◆ What to produce: In the records below, find the line with "MEELANO Dame Fleece" and repeat exactly every line from it through the line with "Pair Of Vintage". Pictures stay out.

◆ Excerpted records:
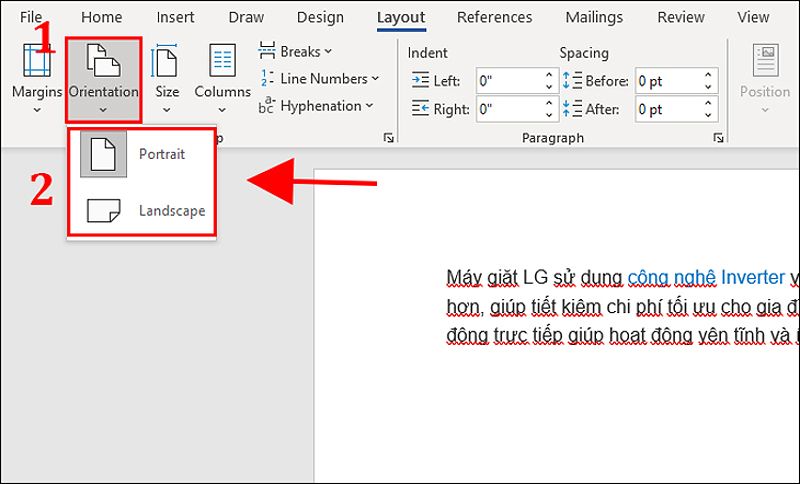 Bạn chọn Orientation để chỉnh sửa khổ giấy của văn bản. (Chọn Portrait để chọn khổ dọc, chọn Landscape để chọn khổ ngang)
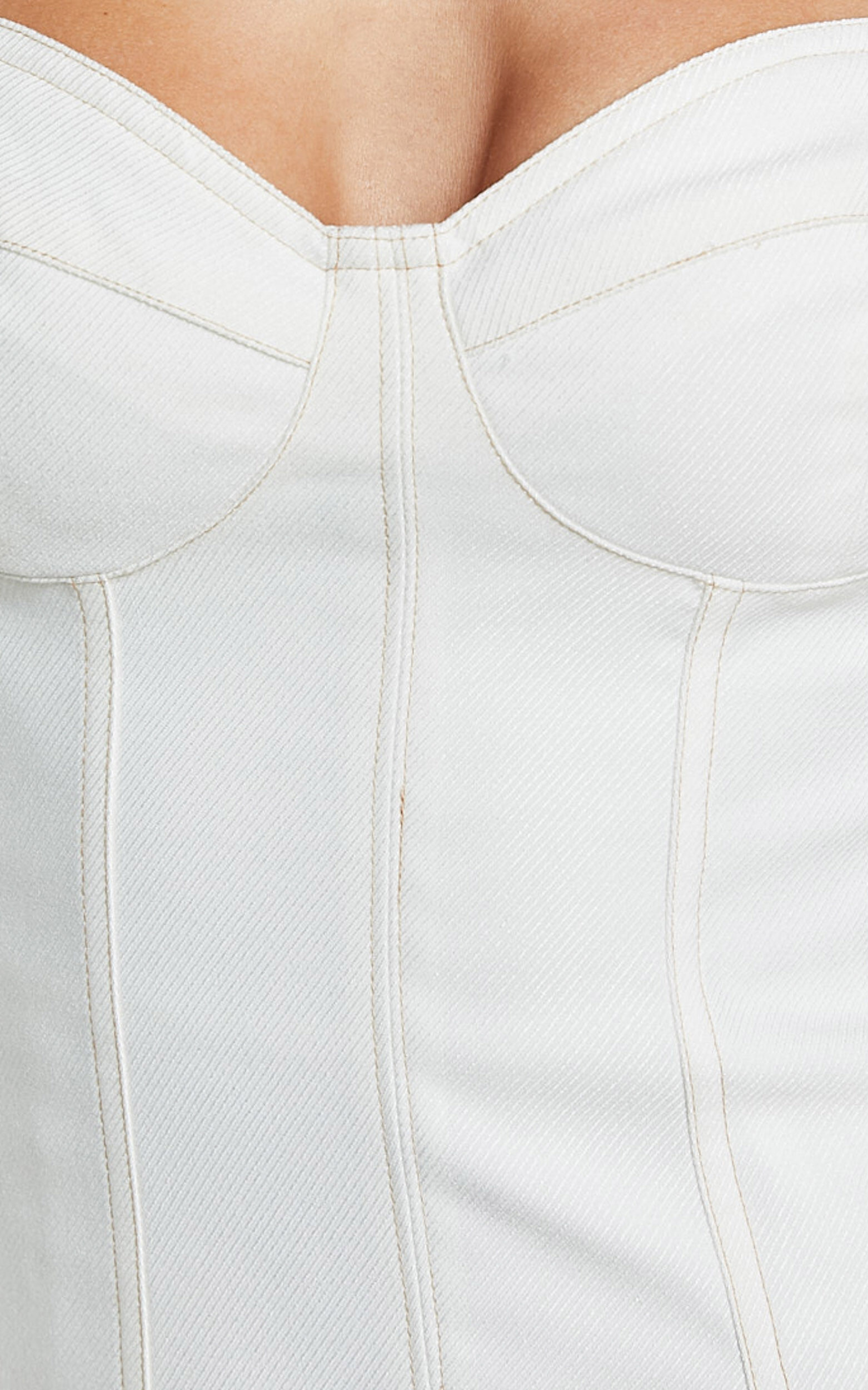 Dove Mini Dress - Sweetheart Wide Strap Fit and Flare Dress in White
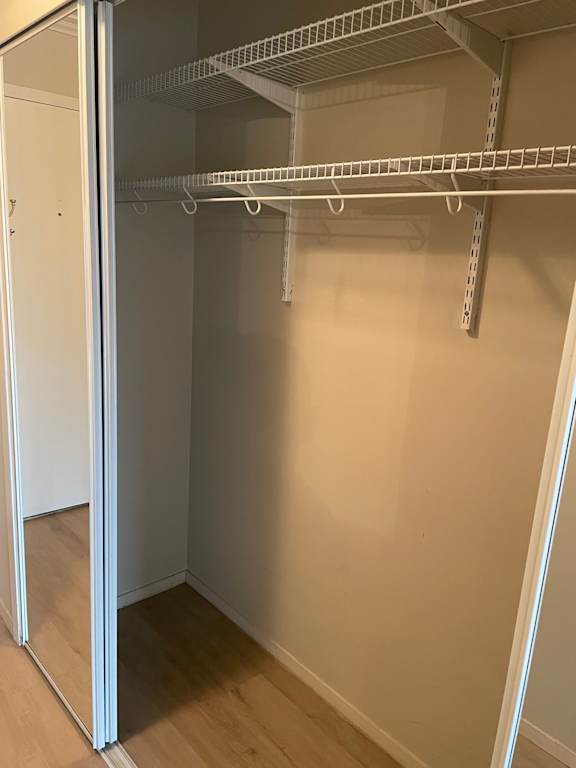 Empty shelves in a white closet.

==

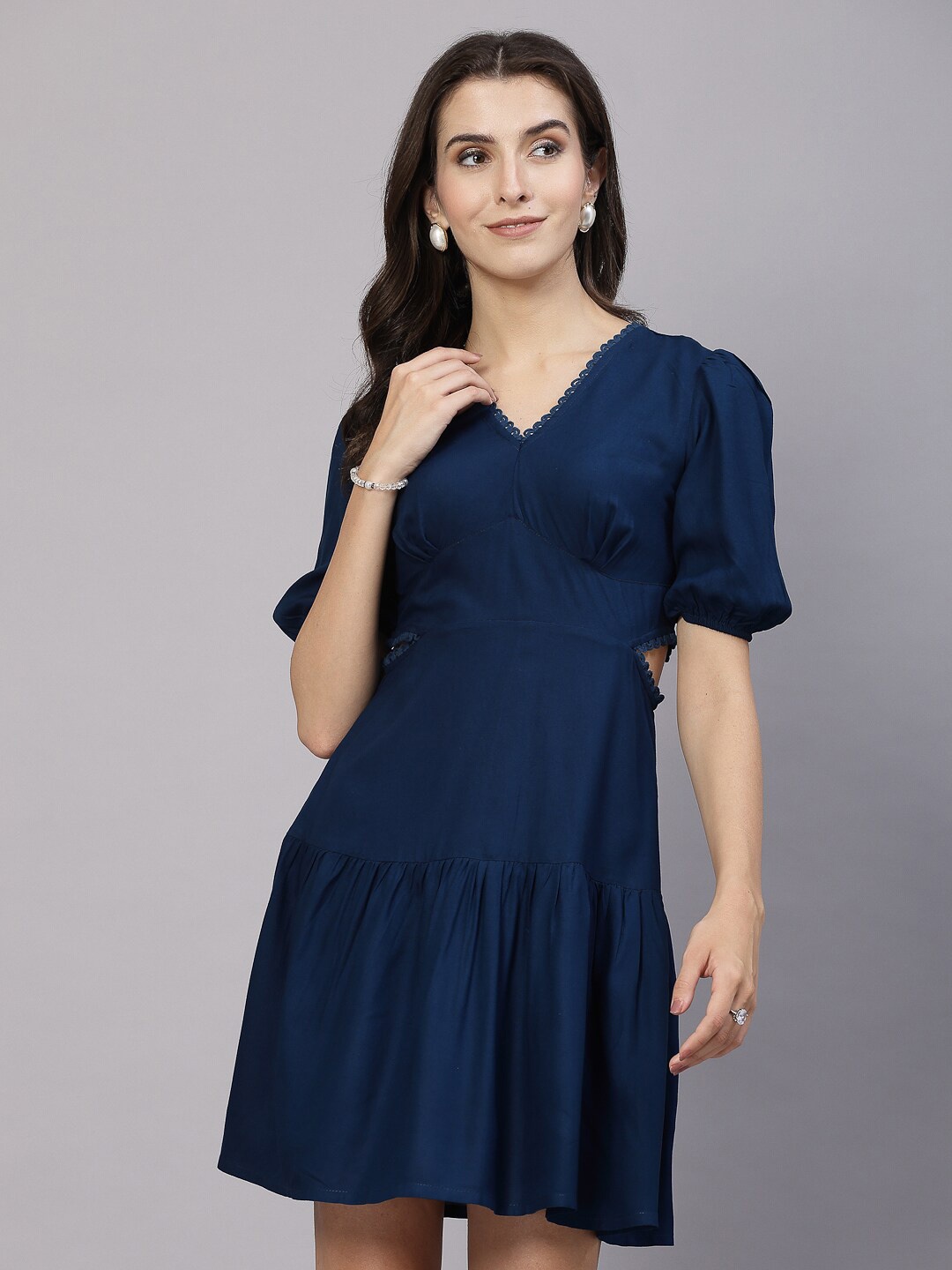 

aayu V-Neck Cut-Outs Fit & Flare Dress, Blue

--

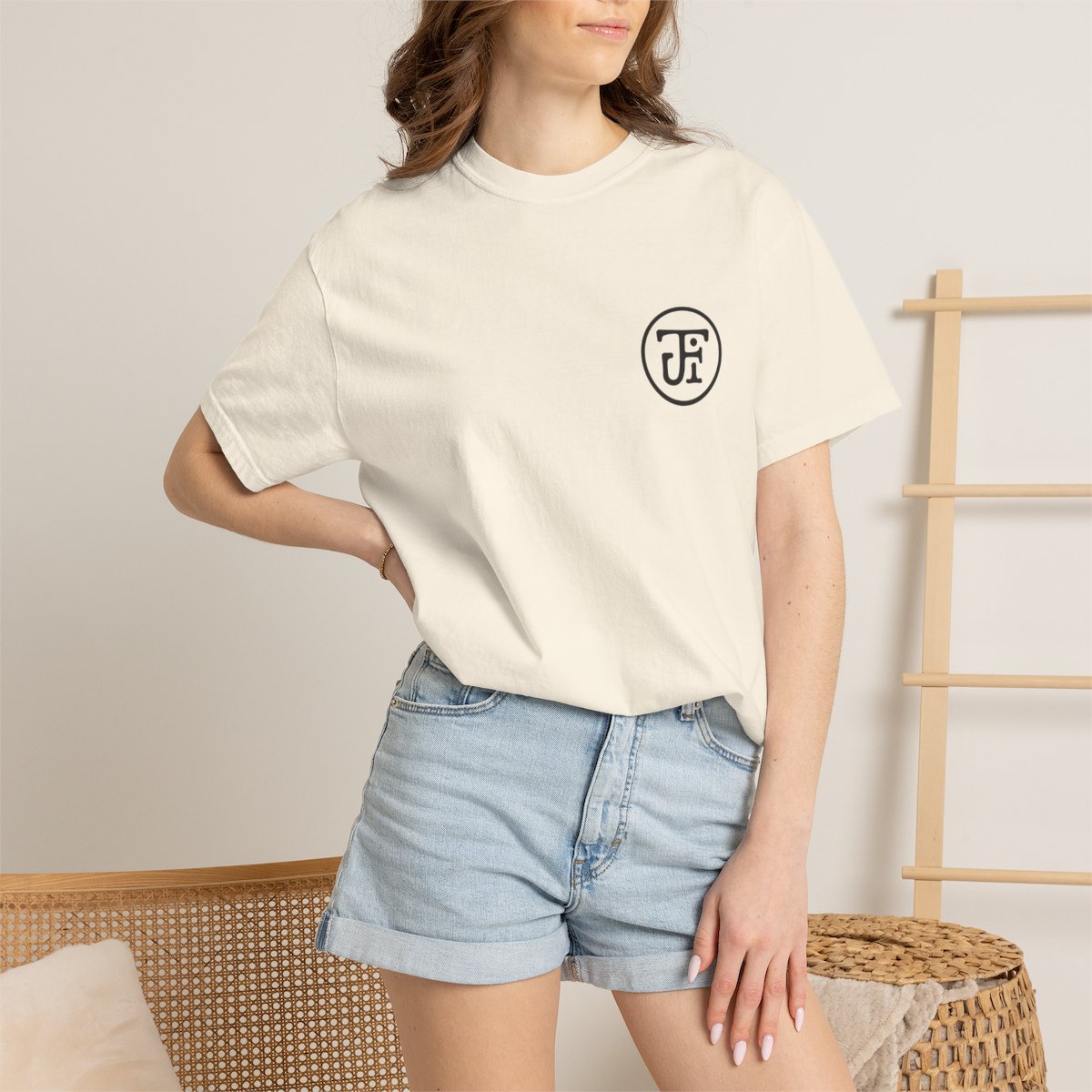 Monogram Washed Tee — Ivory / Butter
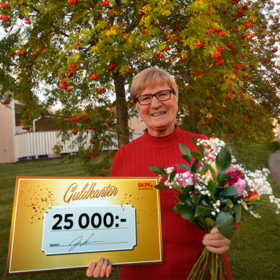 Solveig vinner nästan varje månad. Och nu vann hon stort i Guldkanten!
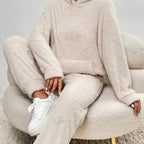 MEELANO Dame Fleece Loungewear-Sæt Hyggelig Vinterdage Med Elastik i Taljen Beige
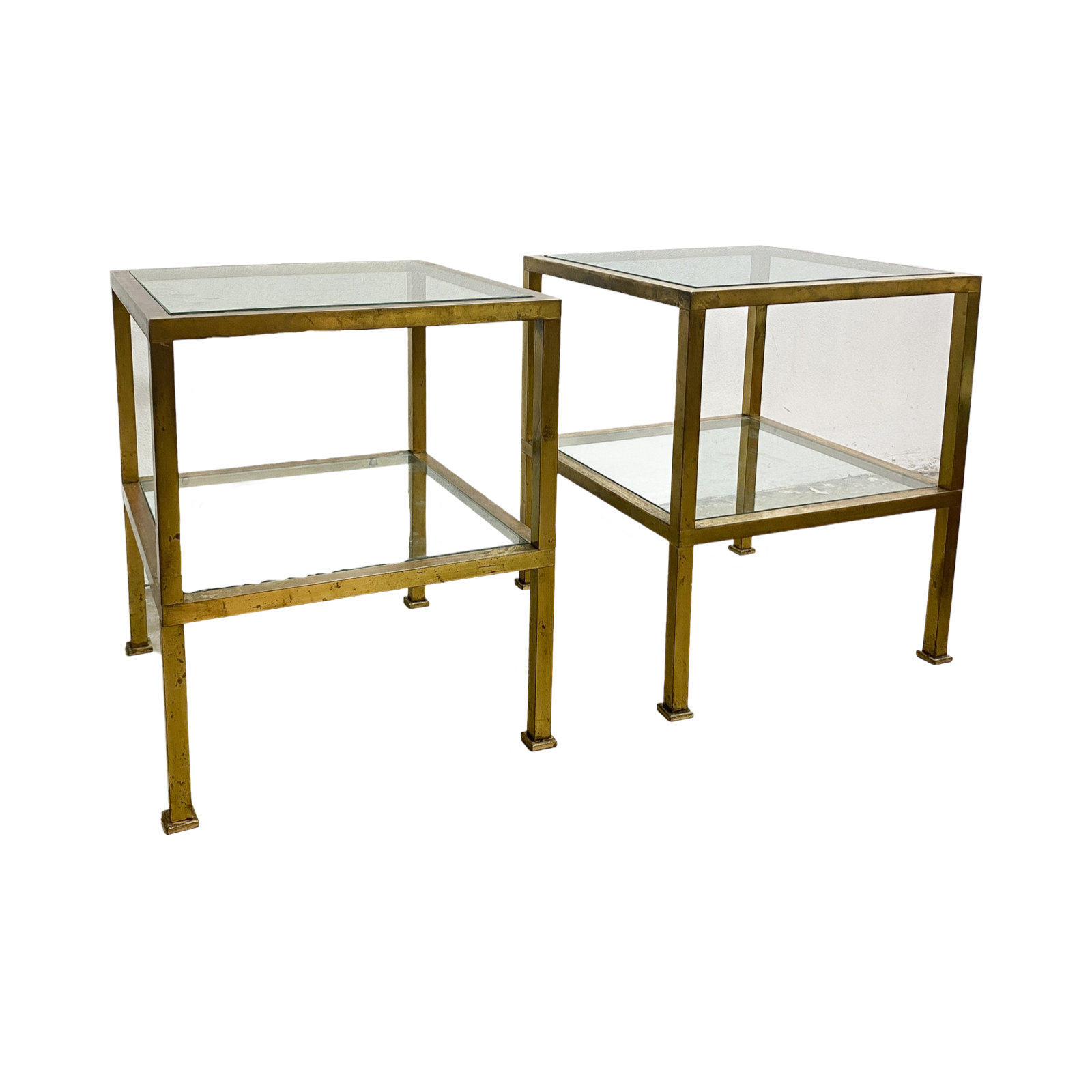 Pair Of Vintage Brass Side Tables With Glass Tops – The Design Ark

◆ Solution to this task:
 MEELANO Dame Fleece Loungewear-Sæt Hyggelig Vinterdage Med Elastik i Taljen Beige
 Pair Of Vintage Brass Side Tables With Glass Tops – The Design Ark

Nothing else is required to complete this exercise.